[RECORDS FOR THIS EXERCISE Boundary: Start]

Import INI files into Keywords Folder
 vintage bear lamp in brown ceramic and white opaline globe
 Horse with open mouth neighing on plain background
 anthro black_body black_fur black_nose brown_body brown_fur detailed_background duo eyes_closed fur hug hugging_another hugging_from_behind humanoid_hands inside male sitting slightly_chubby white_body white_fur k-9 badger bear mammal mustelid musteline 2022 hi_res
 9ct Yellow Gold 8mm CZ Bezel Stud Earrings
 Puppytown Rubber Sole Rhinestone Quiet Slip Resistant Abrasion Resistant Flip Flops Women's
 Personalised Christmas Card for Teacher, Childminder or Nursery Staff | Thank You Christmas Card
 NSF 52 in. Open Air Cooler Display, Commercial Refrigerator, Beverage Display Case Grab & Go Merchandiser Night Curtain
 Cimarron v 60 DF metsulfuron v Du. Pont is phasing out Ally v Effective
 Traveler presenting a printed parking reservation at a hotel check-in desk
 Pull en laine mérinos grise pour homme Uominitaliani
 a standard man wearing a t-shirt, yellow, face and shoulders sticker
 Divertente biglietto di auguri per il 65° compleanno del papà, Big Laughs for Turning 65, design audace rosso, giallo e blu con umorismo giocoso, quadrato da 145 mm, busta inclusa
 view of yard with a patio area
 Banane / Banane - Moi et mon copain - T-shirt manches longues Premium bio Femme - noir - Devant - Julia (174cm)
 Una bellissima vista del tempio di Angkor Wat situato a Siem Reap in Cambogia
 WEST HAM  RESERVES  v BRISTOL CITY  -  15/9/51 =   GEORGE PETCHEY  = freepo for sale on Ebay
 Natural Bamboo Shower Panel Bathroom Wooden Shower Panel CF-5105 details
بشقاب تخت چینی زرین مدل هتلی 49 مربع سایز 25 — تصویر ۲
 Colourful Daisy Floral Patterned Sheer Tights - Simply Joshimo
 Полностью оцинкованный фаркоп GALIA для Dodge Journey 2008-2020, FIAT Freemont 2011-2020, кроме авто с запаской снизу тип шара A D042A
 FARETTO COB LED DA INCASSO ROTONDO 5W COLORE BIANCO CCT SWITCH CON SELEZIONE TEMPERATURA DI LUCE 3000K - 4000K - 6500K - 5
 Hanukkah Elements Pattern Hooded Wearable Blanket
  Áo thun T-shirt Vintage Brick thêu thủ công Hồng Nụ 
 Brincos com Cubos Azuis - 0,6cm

[RECORDS FOR THIS EXERCISE Boundary: End]

WHAT THE EXERCISE ASKS. Copy every line that contains "with" from the listing above.

REPLY TO THE EXERCISE.
 Horse with open mouth neighing on plain background
 view of yard with a patio area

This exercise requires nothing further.